**RECORDS TO PROCESS**.
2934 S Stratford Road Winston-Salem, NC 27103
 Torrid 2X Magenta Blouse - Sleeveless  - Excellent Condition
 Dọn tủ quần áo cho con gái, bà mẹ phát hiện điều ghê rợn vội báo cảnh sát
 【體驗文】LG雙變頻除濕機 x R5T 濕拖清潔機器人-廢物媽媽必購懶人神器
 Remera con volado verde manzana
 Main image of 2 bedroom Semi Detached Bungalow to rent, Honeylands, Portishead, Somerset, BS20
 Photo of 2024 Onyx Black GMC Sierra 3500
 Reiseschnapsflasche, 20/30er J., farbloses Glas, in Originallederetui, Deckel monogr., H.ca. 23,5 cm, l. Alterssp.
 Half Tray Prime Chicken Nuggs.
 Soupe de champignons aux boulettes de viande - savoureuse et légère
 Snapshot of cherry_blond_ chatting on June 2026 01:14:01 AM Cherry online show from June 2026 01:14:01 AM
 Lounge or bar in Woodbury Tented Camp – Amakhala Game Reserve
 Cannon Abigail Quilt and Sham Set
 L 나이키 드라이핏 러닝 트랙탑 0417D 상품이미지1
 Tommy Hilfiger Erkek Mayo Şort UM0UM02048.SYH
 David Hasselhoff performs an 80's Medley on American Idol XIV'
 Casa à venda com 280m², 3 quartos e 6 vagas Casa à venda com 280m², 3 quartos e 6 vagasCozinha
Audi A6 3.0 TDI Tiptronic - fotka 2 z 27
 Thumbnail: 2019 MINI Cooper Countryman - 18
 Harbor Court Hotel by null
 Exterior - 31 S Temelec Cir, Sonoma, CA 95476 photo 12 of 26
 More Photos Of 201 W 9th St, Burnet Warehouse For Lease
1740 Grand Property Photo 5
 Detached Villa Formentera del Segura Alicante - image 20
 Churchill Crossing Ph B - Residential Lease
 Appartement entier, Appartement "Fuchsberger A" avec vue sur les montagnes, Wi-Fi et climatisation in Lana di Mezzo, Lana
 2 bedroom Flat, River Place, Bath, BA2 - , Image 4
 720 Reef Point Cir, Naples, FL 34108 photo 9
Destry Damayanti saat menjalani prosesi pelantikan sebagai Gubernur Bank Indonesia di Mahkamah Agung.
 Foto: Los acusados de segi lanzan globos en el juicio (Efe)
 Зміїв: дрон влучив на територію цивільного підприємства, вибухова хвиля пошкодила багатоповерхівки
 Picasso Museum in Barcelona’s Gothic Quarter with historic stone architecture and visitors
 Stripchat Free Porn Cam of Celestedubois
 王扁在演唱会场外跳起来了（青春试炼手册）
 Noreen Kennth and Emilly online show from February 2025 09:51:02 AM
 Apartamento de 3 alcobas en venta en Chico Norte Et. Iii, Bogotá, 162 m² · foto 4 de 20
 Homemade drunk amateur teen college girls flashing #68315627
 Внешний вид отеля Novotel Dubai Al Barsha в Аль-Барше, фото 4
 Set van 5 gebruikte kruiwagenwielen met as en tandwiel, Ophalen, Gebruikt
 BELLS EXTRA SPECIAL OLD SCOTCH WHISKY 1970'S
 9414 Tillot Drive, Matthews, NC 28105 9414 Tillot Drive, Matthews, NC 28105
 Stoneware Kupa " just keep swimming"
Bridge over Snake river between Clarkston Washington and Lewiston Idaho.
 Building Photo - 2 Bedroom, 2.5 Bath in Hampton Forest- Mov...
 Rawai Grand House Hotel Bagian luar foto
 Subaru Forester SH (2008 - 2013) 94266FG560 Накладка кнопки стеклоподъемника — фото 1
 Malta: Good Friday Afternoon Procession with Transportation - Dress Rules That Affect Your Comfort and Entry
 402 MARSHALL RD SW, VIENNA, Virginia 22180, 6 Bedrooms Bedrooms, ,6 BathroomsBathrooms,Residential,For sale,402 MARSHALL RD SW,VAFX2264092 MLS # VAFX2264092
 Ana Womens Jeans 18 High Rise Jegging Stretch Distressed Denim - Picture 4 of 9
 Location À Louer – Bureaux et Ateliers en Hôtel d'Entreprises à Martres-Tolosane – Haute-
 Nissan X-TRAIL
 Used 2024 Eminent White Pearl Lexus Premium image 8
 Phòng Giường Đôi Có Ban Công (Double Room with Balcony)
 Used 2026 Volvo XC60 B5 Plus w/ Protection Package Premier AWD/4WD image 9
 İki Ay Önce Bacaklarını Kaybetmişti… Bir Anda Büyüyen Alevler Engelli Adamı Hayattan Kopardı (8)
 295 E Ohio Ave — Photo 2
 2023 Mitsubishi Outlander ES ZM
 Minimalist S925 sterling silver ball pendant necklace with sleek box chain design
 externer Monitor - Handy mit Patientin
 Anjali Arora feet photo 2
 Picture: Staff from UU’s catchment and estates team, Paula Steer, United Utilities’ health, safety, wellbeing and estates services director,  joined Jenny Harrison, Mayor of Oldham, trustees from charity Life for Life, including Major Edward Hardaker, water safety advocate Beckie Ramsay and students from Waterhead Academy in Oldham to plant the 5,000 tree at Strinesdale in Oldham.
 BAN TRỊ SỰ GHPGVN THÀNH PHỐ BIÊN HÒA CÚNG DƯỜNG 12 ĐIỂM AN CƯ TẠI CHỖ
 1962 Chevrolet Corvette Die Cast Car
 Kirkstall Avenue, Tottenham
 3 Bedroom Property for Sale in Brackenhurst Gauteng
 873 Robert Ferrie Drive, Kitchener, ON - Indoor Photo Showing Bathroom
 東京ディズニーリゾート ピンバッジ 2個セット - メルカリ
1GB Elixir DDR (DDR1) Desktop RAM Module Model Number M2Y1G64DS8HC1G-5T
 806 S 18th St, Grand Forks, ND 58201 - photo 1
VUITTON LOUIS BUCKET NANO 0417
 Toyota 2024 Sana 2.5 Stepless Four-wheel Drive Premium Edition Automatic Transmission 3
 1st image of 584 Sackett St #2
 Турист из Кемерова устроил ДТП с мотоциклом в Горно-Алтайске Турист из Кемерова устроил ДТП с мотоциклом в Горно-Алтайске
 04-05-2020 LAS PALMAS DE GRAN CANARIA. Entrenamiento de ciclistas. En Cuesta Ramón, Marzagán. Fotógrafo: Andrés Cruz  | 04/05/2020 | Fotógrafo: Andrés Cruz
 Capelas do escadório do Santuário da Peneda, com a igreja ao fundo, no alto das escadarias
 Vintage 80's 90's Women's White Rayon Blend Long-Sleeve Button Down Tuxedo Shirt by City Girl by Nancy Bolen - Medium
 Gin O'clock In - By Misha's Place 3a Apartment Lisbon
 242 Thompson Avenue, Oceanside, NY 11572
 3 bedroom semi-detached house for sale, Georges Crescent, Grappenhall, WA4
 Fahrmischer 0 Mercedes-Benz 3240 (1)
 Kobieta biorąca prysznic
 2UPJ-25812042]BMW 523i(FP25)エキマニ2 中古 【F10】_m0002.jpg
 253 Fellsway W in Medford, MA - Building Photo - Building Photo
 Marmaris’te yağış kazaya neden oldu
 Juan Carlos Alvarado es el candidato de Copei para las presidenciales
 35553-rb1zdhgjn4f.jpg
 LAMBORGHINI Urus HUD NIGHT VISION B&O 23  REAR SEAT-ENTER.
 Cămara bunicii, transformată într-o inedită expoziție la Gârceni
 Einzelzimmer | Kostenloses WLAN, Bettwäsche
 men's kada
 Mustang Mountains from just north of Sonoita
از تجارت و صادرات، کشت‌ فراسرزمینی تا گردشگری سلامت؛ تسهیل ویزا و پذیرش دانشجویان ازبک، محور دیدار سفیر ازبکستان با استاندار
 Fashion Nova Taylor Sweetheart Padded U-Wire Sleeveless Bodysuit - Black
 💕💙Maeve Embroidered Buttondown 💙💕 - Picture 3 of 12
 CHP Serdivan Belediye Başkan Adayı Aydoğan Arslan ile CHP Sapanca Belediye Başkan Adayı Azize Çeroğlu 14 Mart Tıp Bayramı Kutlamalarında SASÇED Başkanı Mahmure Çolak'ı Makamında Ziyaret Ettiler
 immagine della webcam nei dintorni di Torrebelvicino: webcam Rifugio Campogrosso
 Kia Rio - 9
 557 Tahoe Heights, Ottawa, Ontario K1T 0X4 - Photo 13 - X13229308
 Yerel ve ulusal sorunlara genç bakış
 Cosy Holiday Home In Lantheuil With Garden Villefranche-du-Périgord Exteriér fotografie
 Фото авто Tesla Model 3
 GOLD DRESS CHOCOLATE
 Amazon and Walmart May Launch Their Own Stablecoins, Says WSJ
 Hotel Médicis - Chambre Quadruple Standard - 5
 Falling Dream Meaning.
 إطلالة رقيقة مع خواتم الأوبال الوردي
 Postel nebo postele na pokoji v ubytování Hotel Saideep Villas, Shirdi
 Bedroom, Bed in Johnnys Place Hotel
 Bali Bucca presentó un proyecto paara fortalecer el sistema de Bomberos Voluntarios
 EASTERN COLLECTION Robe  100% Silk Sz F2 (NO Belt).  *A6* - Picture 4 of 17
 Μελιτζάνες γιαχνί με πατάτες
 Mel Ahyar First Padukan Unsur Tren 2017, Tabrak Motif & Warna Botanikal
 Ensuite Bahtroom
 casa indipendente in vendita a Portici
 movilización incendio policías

**EXERCISE PROMPT**.
Nothing but the lines from the one with "Mel Ahyar First" through the last line of the records above should be retyped, and those word for word.

**ANSWER TO THE EXERCISE**.
 Mel Ahyar First Padukan Unsur Tren 2017, Tabrak Motif & Warna Botanikal
 Ensuite Bahtroom
 casa indipendente in vendita a Portici
 movilización incendio policías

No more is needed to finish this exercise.